Material cost is one of the cost elements that make up the total cost of a product. The cost elements are material, labor and burden costs. Material is the raw and purchased parts that make up a product. Do not confuse supplies as material. Supplies are items like gloves, hand tools, sandpaper, etc, that may be used in the production process, but are not part of the completed product.
When a business buys material or purchase parts, the purchasing department will create a purchase order to the supplier. The purchase order will state the cost of the material. It may also have additional information such as future years pricing, quantities required, etc.
What about packaging and shipping costs?
Any packaging and shipping costs should be considered to be part of the material cost. For example, if you purchase an item for $5, and it costs $.20 in packaging and shipping to get it to you, then the cost of the item is $5.20 For some items this cost can be substantial.
The bill of materials (BOM):
A bill of materials is wealth of information. It's a report that lists all the materials used in making a product, along with the production operations. It also has all the costs associated with building the product. By looking at a bill of materials, a person can tell what the ship part is, what material and purchased parts are used, the quantity used, the labor used, and the costs for all of these. The bill of materials will have all the cost elements of the product, which include, labor, material and burden costs.
The bill of materials is usually maintained by the materials or accounting department. The origination of the bill of materials begins with the engineering department. The Engineers will engineer the production processes and determine the materials used and also the product cycle time and labor needed.
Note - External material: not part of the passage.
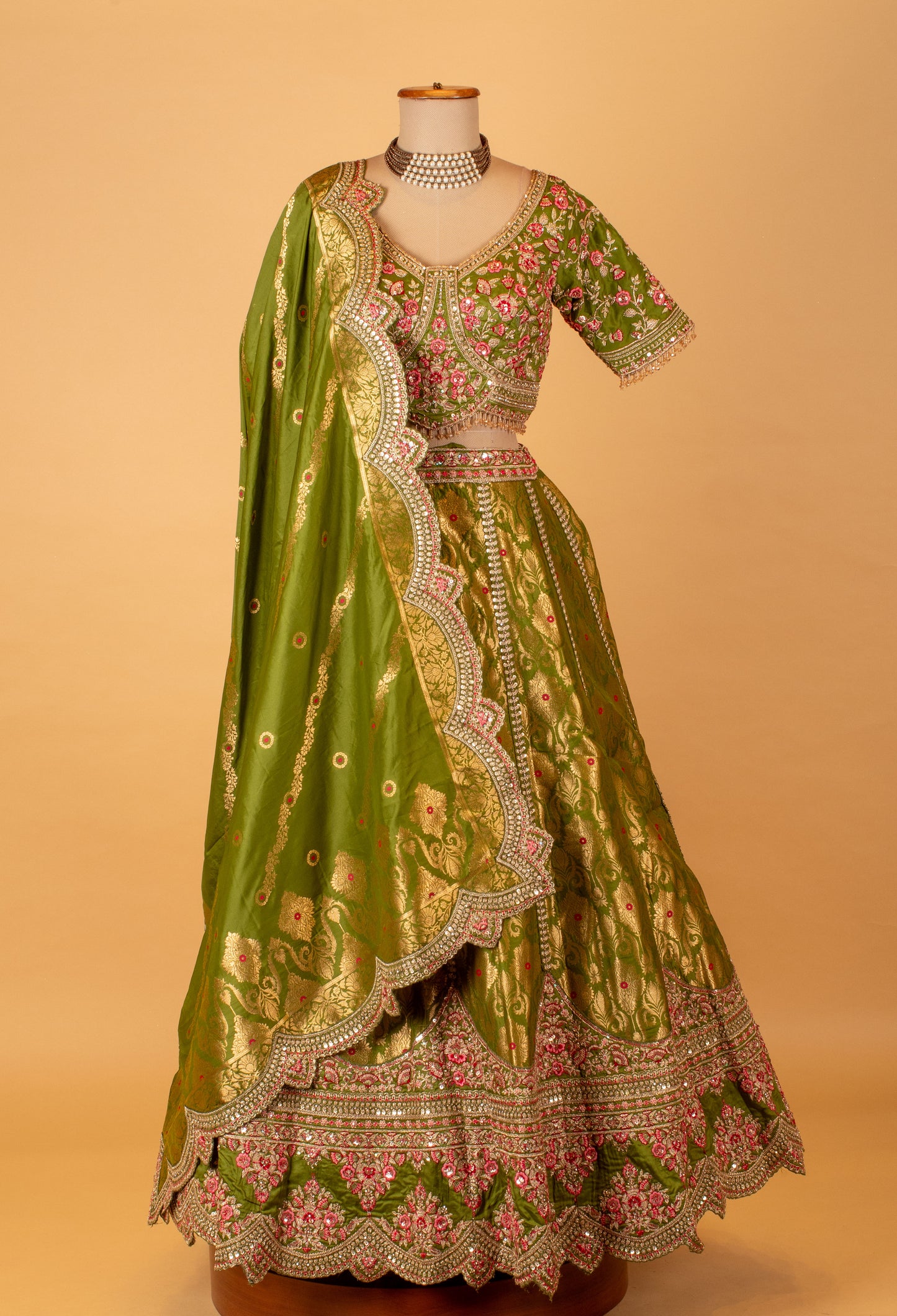 Olive Green Embroidered Crop Top Lehenga Set with Zari Work & Dupatta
With the high cost of raw materials such as steel, aluminum, etc. it is important to have a clear understanding of who gets the revenue from any scrap materials. Does the manufacturer get to keep it, the customer, or maybe event the supplier? Depending on the type of products manufactured, the scrap material revenue can be very substantial. This revenue is usually not included in a bill of material, but is often budgeted for as scrap revenue, and is a consideration when quoting new work.